DOMINANT RESOURCE CALCULATOR
The DominantResourceCalculator takes available CPU & Memory resources into account. To decide which resource has priority (CPU or Memory) the Dominant Resource Fairness (DRF) policy is used.

MEMORY RESOURCES

Node Manager Configuration (yarn-site.xml)
Yarn physical memory limit per node in cluster (all contains on node): 
yarn.nodemanager.recource.memory-mb=10240 (default)

Yarn minimum memory allocation per container: 
yarn.scheduler.capacity.minimum-allocation-mb=1024 (default)

Yarn virtual memory limit per node: equals 2.1 times physical memory
map tasks 2140.4
reduce tasks 3225.6

Application (job, work, client) JVM sizes
Mapper heap size: mapreduce.map.java.opts=-Xmx1G (default)
Reducer head size: mapreduce.reduce.java.opts=-Xmx1G (default)

Yarn Container sizes
Mapper container size: mapreduce.map.memory.mb=1536
(default - mapreduce.map.java.opts+overhead (usually 512MB))

Reducer container size: mapreduce.reduce.memory.mb=1536 
(default - mapreduce.reduce.java.opts+overhead (usually 512MB))

CPU RESOURCES

CPU resources are managed by Yarn after enabling configuration properties.

In capacity-scheduler.xml, set the Capacity Resource Calculator

scheduler.capacity.resource-calculator=org.apache.hadoop.yarn.util.resource.DominantResourceCalculator

Next, adjust nodemanager.resource.cpu-vcores in yarn-site.xml on each node in a cluster.

Intel Servers – For Intel servers using CPUs with hyperthreading (enabled in the BIOS) start with vcores set to (number of physical cores + (number of physical cores * 0.30). Execute the planned workload on the cluster and evaluate peek CPU usage. Reduce vcores, if physical CPU cores are over 80% busy, and the runqueue is growing. Increase vcores, if cores are < 80% busy and the runqueue is near empty. The value of vcores on each node should be re-adjusted when the server hardware or workload changes.

When Node Managers start, each reports its vcores value to the Resource Manager which in turn uses it
to make calculations for CPU resources within the cluster. Applications also specify the number of desired vcores as part of their allocation-requests to inform the Resource Manager about CPU resource requirements.

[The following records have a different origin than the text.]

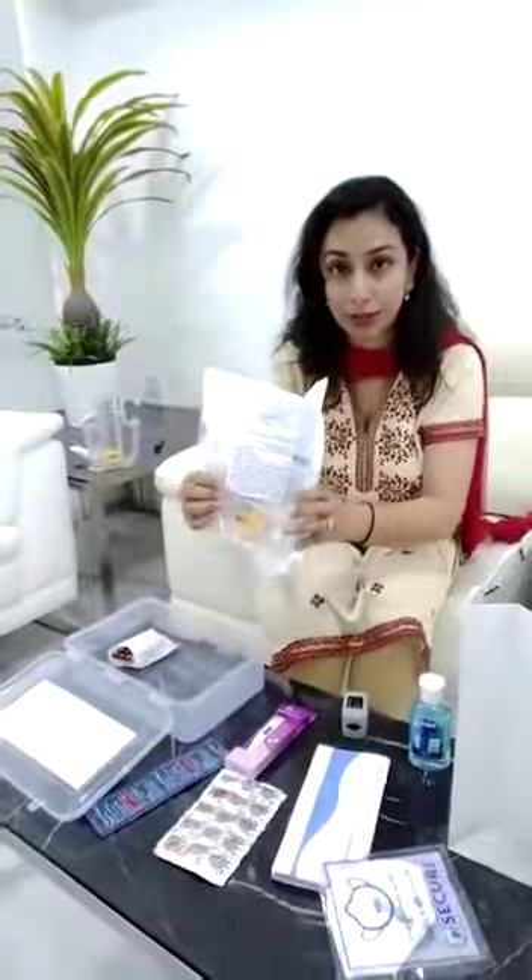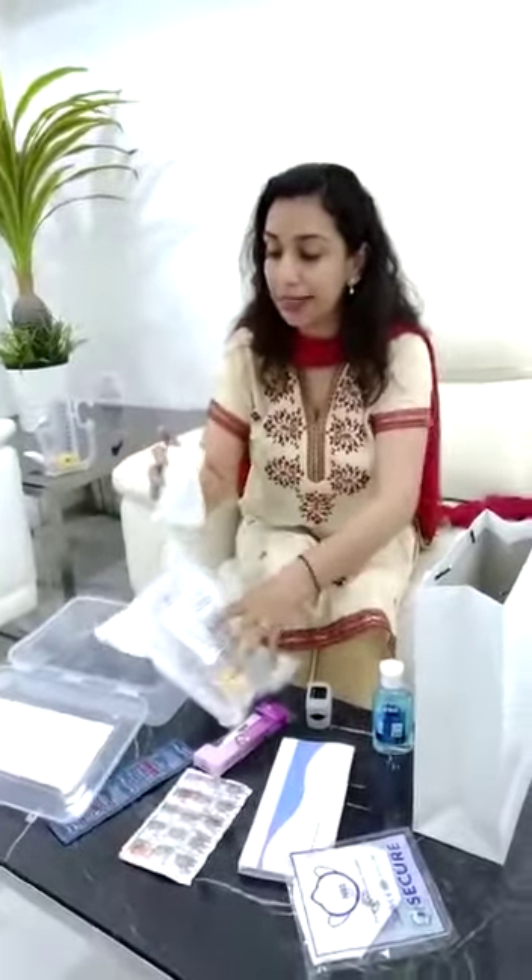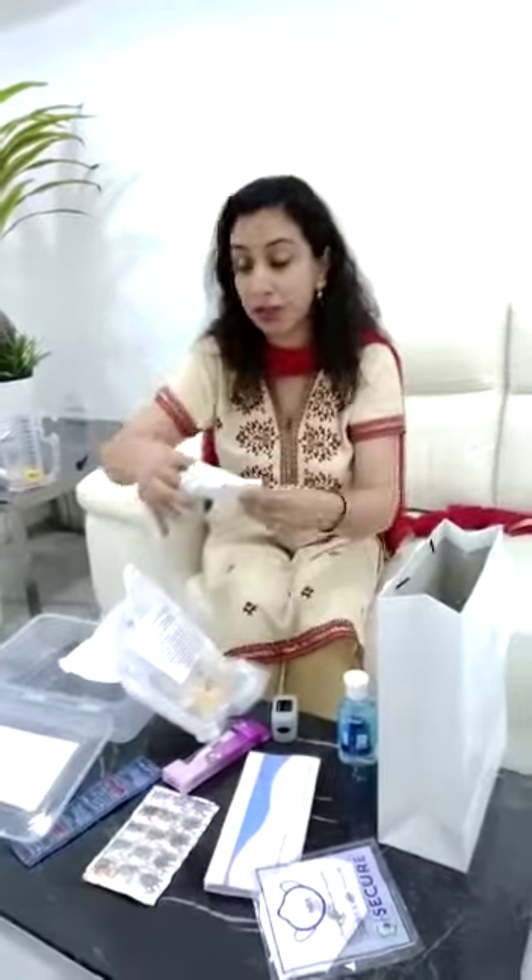And this is the lifesaver — the spirometer. And these are some of the key medications, main medications which need to be given if you have early symptoms. And this way, if you have them at home, you can get treated yourself at home once the Corona test is done.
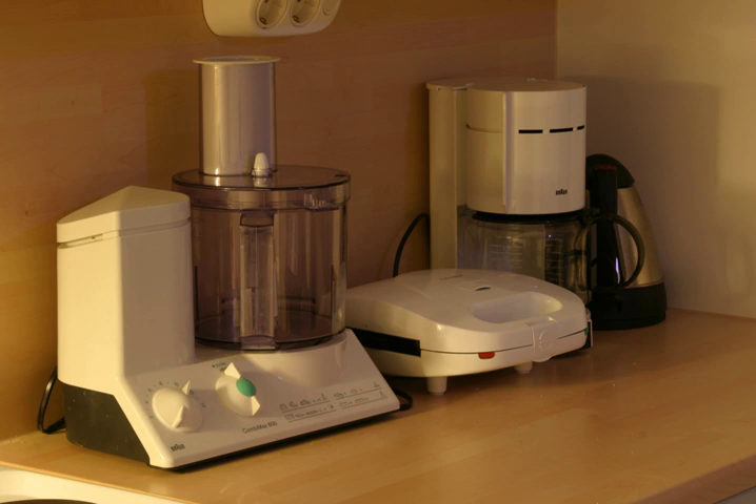Some small appliances perform the same or similar function as their larger counterparts. For example, a toaster oven is a small appliance that performs a similar function as an oven.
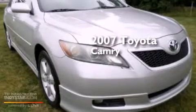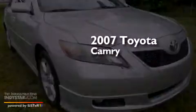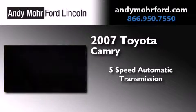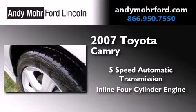This is a 2007 Toyota Camry. This four-door sedan has a five-speed automatic transmission and an inline four-cylinder engine.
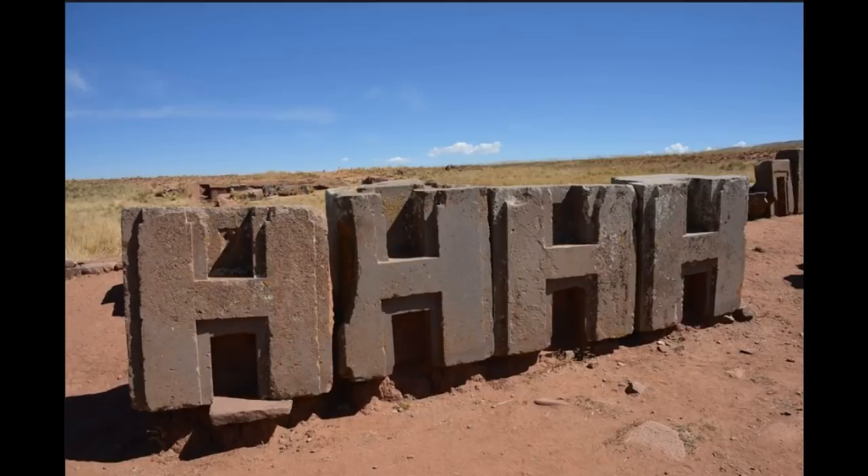Zecharia Sitchin mentioned the Gate of the Sun and the Egyptian and Sumerian technology that had been spread around the world. Researchers have measured these sites — Tiwanaku and Puma Punku — and found they are in Egyptian and Sumerian measurements, in cubits. The stones also have a history of precision cutting; some of the walls you see around the world, some of the ancient structures — they say you can't even put a razor blade in between them.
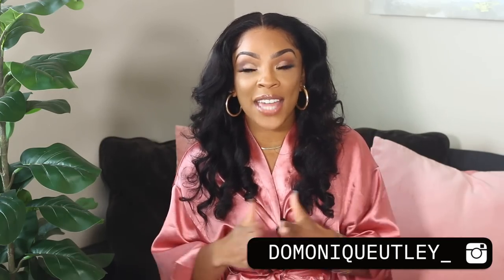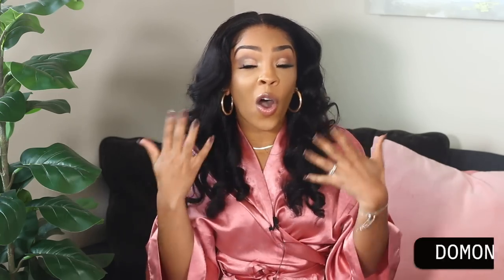Hello everyone, it is your girl Dominique. Hope everyone is having a great day. I'm here with a fall lookbook slash kind of like a haul video. I'm going to be showing you guys some new items that I got from Fashion Nova. Thank you to Fashion Nova for sponsoring today's video. I will have everything linked down below in the description box. Let me know down below in the comment section which outfit is your favorite. Everything that I picked out just screams fall and it just screams Dominique. So I hope you guys enjoy and let's go ahead and jump right in.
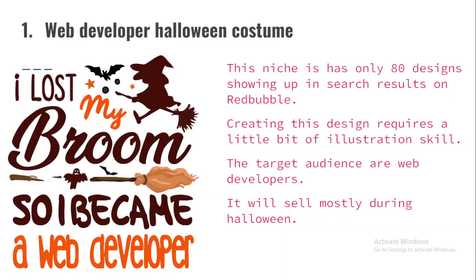The very first niche is 'Web Developer Halloween Costume.' This niche has only 80 designs showing up in search results on Redbubble. Creating this design requires a little bit of illustration skill. The target audience are web developers, programmers, and computer operators. It will sell mostly during Halloween — it may not sell every day, but towards Halloween every year it's going to sell. It is targeted, and targeted niches have a high propensity to sell because they are niched down.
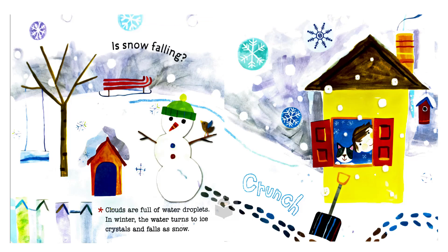Is snow falling? Clouds are full of water droplets. In winter, the water turns to ice crystals and falls as snow.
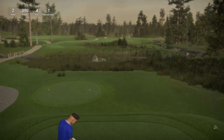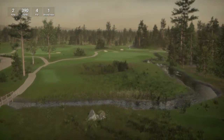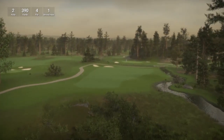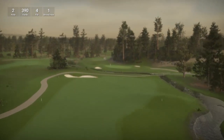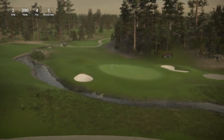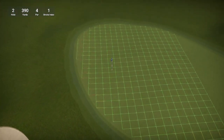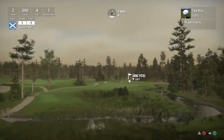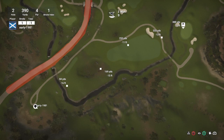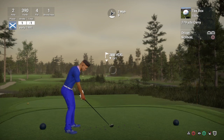So let's move on to hole number 2 which is a par 4, 390 yards, stroke index 1 — indicating that it is the hardest hole on the course. Another really nice looking hole this one. It is bringing back fond memories of playing this on the original game The Golf Club, and hopefully I am going to be able to play this on The Golf Club 2019 as well.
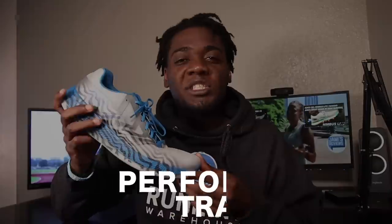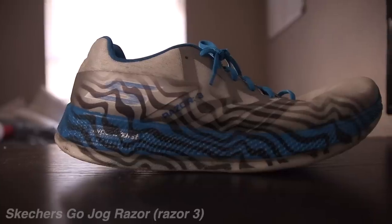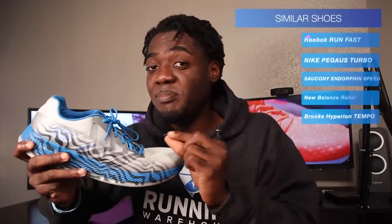So we went over daily trainers, lightweight trainers, and high cushion trainers. Now we have something that's meant for training but kind of getting into the race field — performance trainers. It's simply a shoe meant for training but with speed, bounce, feedback, and responsiveness that can also be used in a race. These shoes are light, have just enough cushion for racing and training, and are a little stiffer because they're meant for speed.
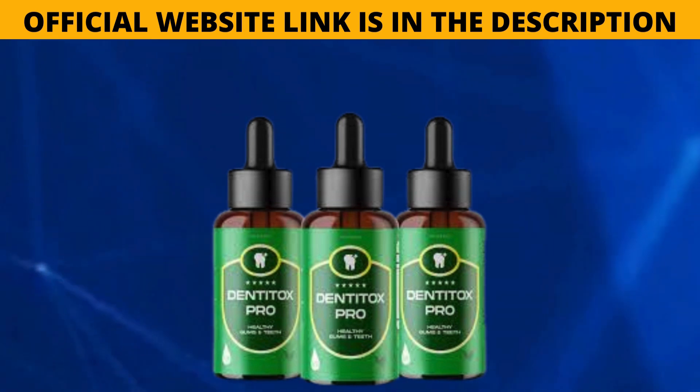To experience the full benefits of Dentatox Pro, it is recommended to follow the suggested dosage. The manufacturers suggest taking six drops of the liquid formula twice a day. You can apply the drops directly to your teeth and gums or mix them with toothpaste before brushing. Dentatox Pro is easy to use, allowing for easy incorporation into your daily dental care routine.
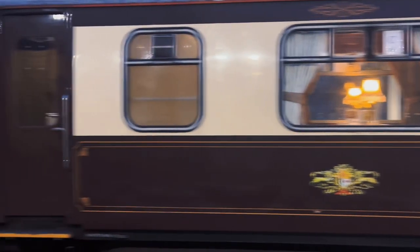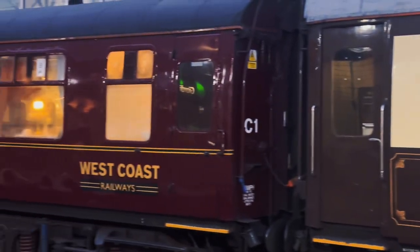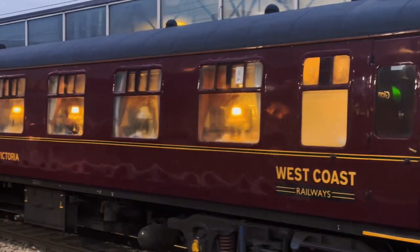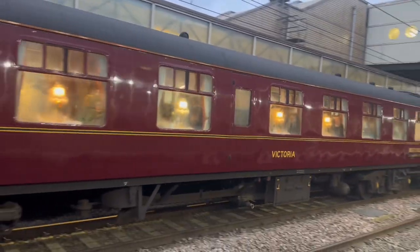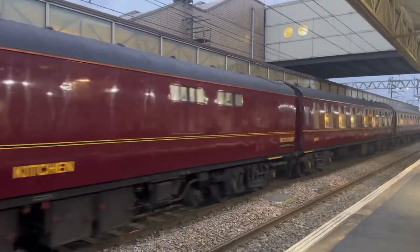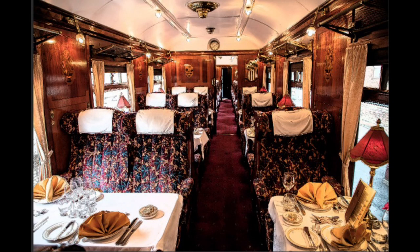Recently I got to see this beautiful and classy train on Milton King station. It runs from London Paddington to Minehead. Trust me, this first class Pullman had such beautiful interiors that I am dying to be a part of this journey.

Each Application provides a desired number of vcores to Yarn using:

map.cpu.vcores: (default 1) sets the desired number of vcores for each map task.

reduce.cpu.vcores: (default 1) sets the desired number of vcores for each reduce task.

yarn.app.mapreduce.am.resource.cpu-vcores: (default 1) sets the number of vcores used by the MapReduce Application Master process.